Personal information
- Born: June 21, 1968 (age 58)

Chess career
- Country: Germany
- Title: International Master (1999)
- Peak rating: 2419 (July 2000)

= Frank Lamprecht =

German chess player and trainer (born 1968)

Frank Lamprecht (born 21 June 1968) is a German chess International Master and chess trainer. He is a co-author of Fundamental Chess Endings (2001) and Secrets of Pawn Endings (2000), both with Karsten Müller.

He has been a chess trainer since 1983.

He gained the title of International Master in 1999. He has played in the Oberliga Nord for the Hamburg club Königsspringer SC since the 1984–85 season.

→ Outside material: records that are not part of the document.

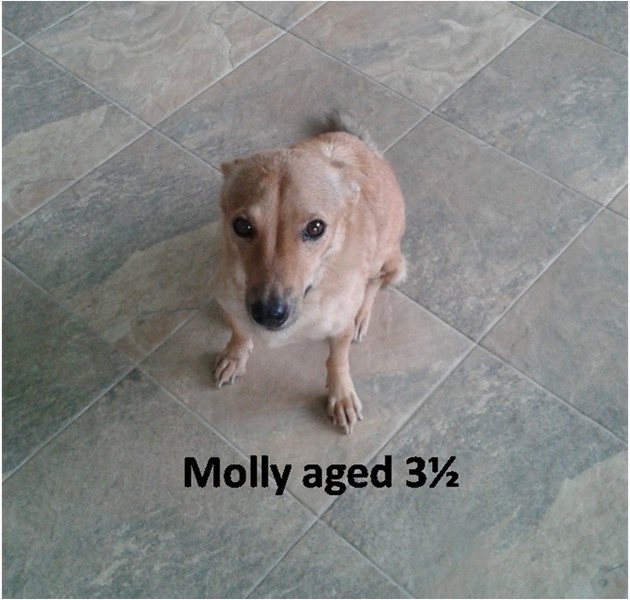 Molly02.jpg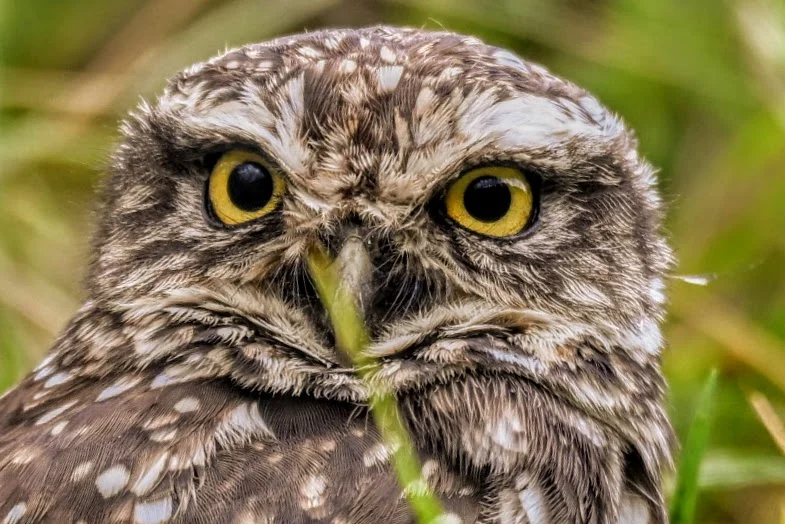 Fotografía capturada con NIKON Z f | VR 80-400mm f/4.5-5.6G | f/5.6 | 1/640s | ISO 400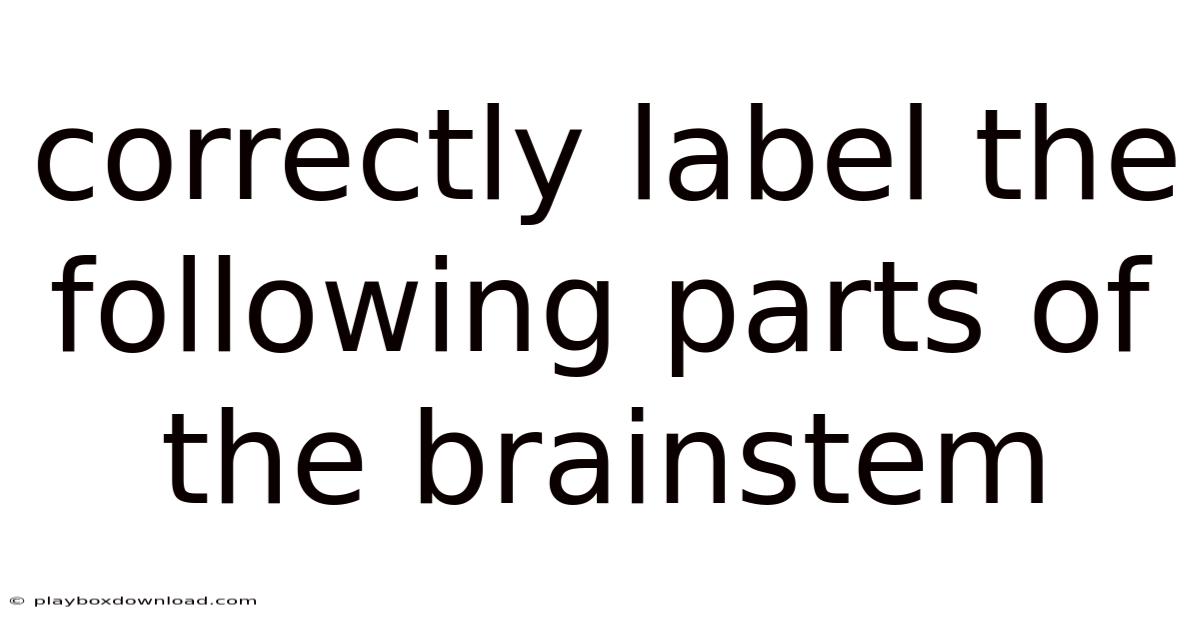 Correctly Label The Following Parts Of The Brainstem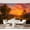 Color 2, variant on Wall Mural Peel and Stick Vivid Tropical Rainforest Scene Birds Leopard Waterfall Self-Adhesive Wallpaper Removable Wall Decal Wall Sticker Home Decor for Living Room Bedroom 69"x96"
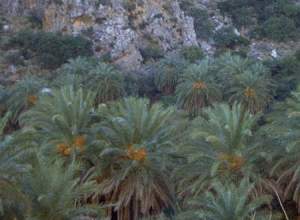 Prevelis Palmtrees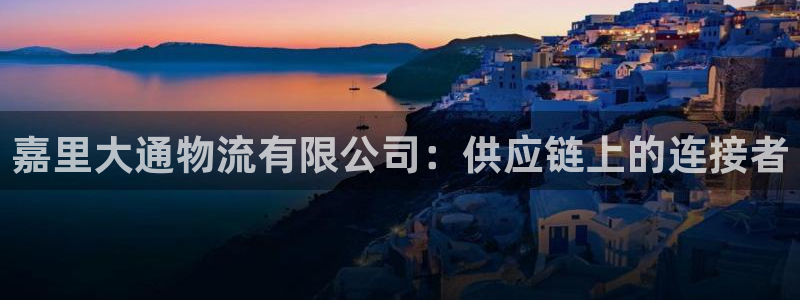 28圈登录网：嘉里大通物流有限公司：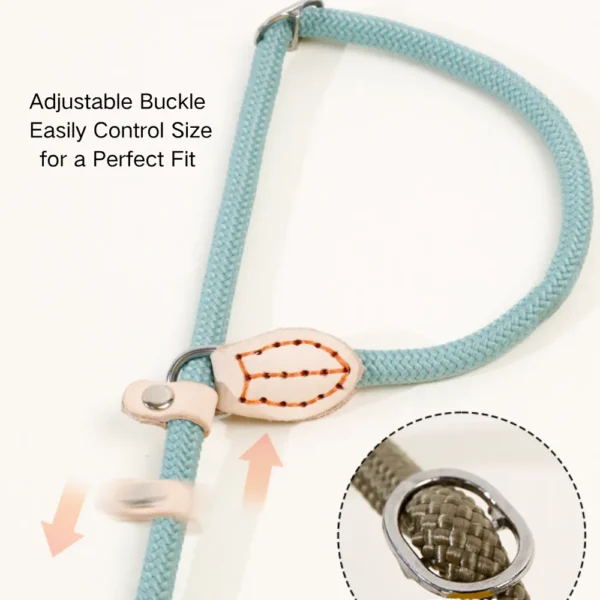 dchwm0143674-02.webp Outdoor Woven Lead P Type Rope Pet Dog Leashes – product view 2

Lamprecht is known for his books on chess endgames, which he wrote together with Hamburg's Bundesliga player and Grandmaster Karsten Müller. Their book Fundamental Chess Endings won the Book of the Year award of the British Chess Federation.

==Work==
- Karsten Müller and Frank Lamprecht: Secrets of Pawn Endings. Everyman Chess, London, 2000, ISBN 1-85744-255-5. (Reprinted with corrections: Gambit, London 2008, ISBN 1-904600-88-3)
- Karsten Müller and Frank Lamprecht: Fundamental Chess Endings. Gambit, London 2001, ISBN 1-901983-53-6.
- Karsten Müller and Frank Lamprecht: Grundlagen der Schachendspiele. Gambit, London 2003 (German language edition of Fundamental chess endings), ISBN 1-901983-96-X.